==== MATERIAL PROVIDED ====

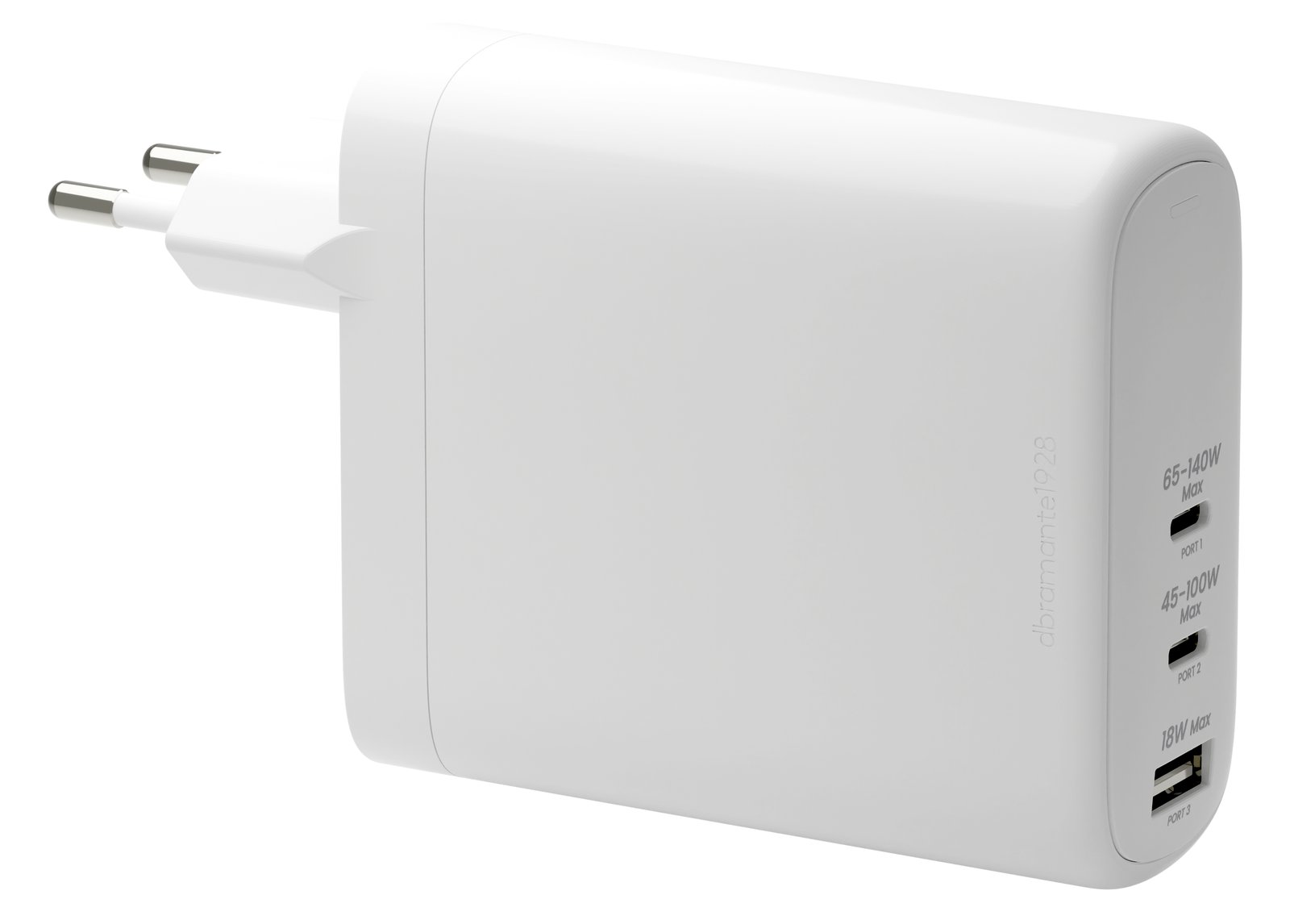 dbramante1928 USB-Wandladegerät USB-C+ USB-A 140W+ 100W+ 30W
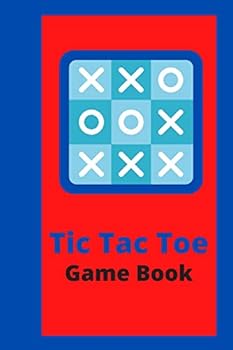 Paperback Tic Tac Toe Game Book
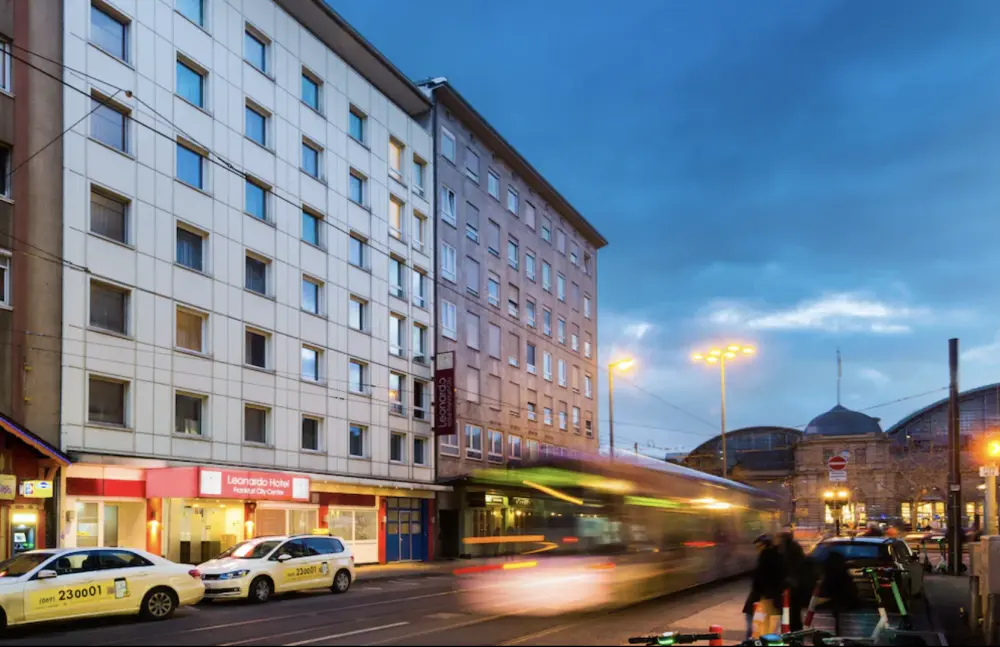 Hotel Leonardo City Frankfurt | Stedentrip Frankfurt - Trein en Hotel Duitsland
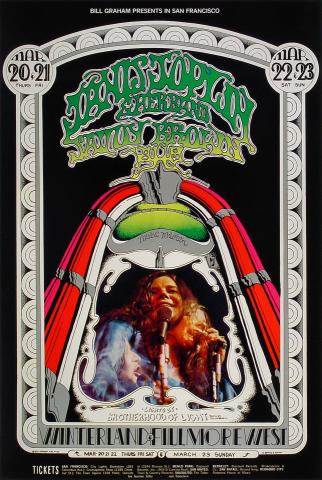 Janis Joplin Poster
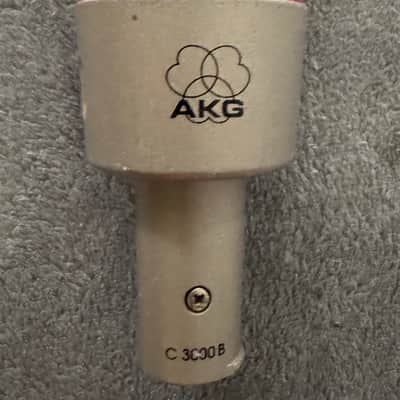 AKG C3000B Large Diaphragm Condenser Microphone w/ Case & Shock Mount image 9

====

### EXERCISE BRIEF
In the copy, include exactly the lines from the one with "Janis Joplin Poster" through the final line of the entries above, both ends counted, and no pictures.

### ANSWER BOX
 Janis Joplin Poster
 AKG C3000B Large Diaphragm Condenser Microphone w/ Case & Shock Mount image 9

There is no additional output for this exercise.